Since my dad had been born in Indian Territory before Oklahoma became a state, he and my mother enjoyed saving the Indian head pennies they found. I looked at the date: 1905. Close enough. He was born near the end of 1904. I knew, then, that my parents had sent me a "penny from Heaven" to encourage me and let me know everything was going to be just fine.
The continuing prayers and support of family and friends gave me the strength needed. Five and a half years after surgery for tubulolobular carcinoma, I am just great.
Sue Shilling Gibbs, Victoria
Finding strength in faith
My friend and coworker Janet Charbula heard the words this year that most women fear: "You have breast cancer."
Janet is a young woman in her 40s who is married with three daughters. She is a lifelong Victorian and a very active member of Holy Family Catholic Church.
We always know when Janet is in the office because of her infectious laugh.
Her diagnosis was a shock, and there were many times it was difficult to laugh through the tears.
Janet has handled her illness with strength and dignity.
Her Christian faith is strong and is never more evident than after one of her many chemotherapy treatments.
Her favorite verse is "The joy of the Lord is my Strength."
She continues to come to work and take care of her clients as well as the needs of her family - all the time with a beautiful smile on her face.
We all realize that many times she does not feel like smiling, but she does that for us because she knows it helps us to feel better.
Janet is a woman of great courage and truly an example of God's grace.

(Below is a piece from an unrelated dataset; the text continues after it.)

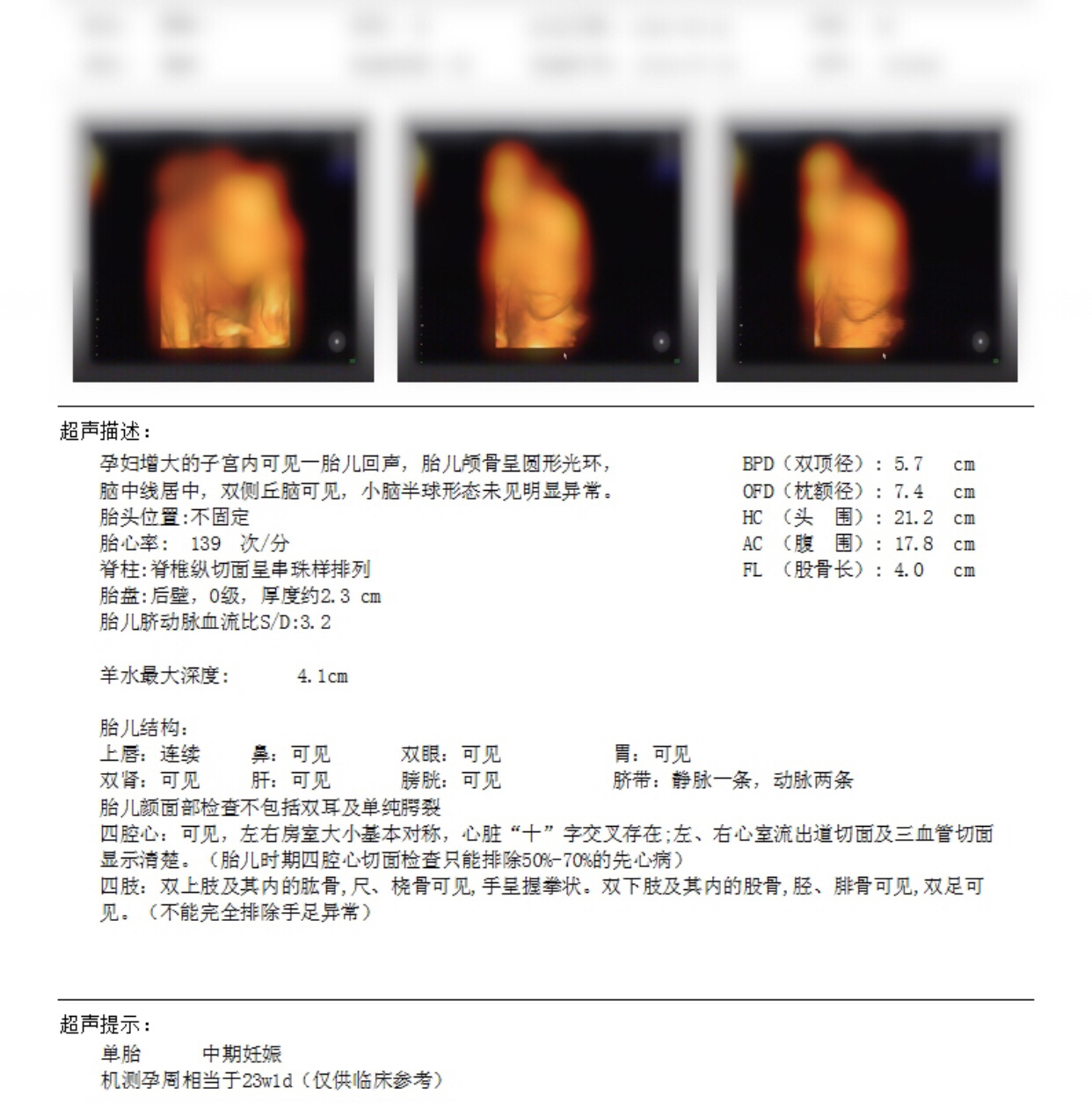 关于孕期几个月做四维的探讨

She is a wonderful wife, mother and friend but most of all these days . a survivor.
Angie Holmes, Victoria
Keeping a positive attitude
I would like to nominate Janet Charbula for the "Day of Pampering."

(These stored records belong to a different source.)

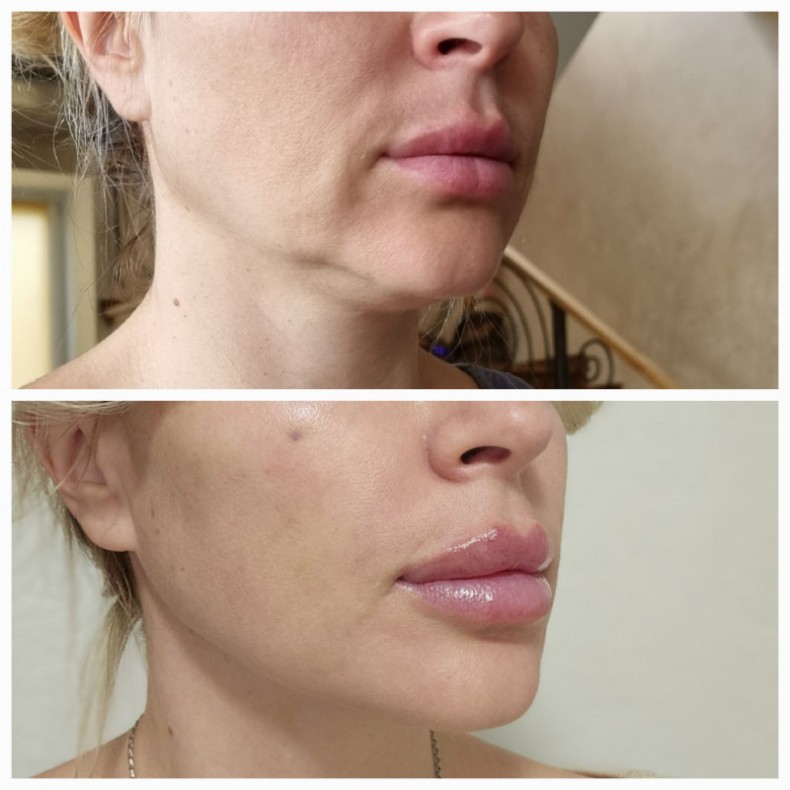 Тредліфтинг+колагенотерапія
 #тредлифтинг
 #биоревитализация, фото - Лікар-косметолог Лілія Миколаївна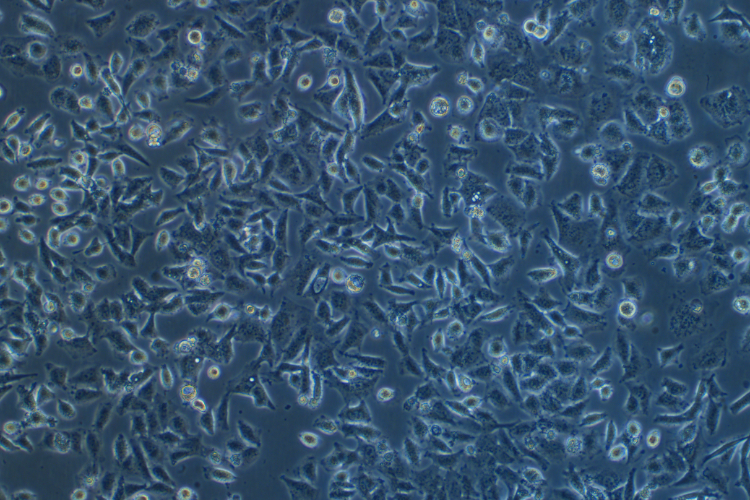 人喉癌细胞 LCC(STR鉴定正确)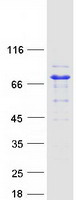 Coomassie blue staining of purified AK5 protein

Janet's faith in God and courage are an inspiration to everyone around her. She was diagnosed with breast cancer in January.
Prior to her diagnosis, she had two sisters with breast cancer; one lost her battle with the disease. I personally cannot imagine how much more difficult this must have made it to hear the doctor inform her of the same diagnosis.
Janet had planned to attend an ACTS retreat that was scheduled immediately after her doctor's visit. She chose to go to the retreat with the belief that she was in God's hands, and she would let him take care of her. Instead of thinking of herself, she spread her faith to the others at the retreat. Amazing strength.
Janet had a mastectomy and has completed her chemo treatments at M.D. Anderson in Sugar Land. Through all of this, she showed unwavering strength. She never complained. She will be starting her radiation treatments very soon. Her positive attitude is so strong.
I believe Janet is very deserving of a "day of pampering." She is an amazing woman and an inspiration to everyone every day.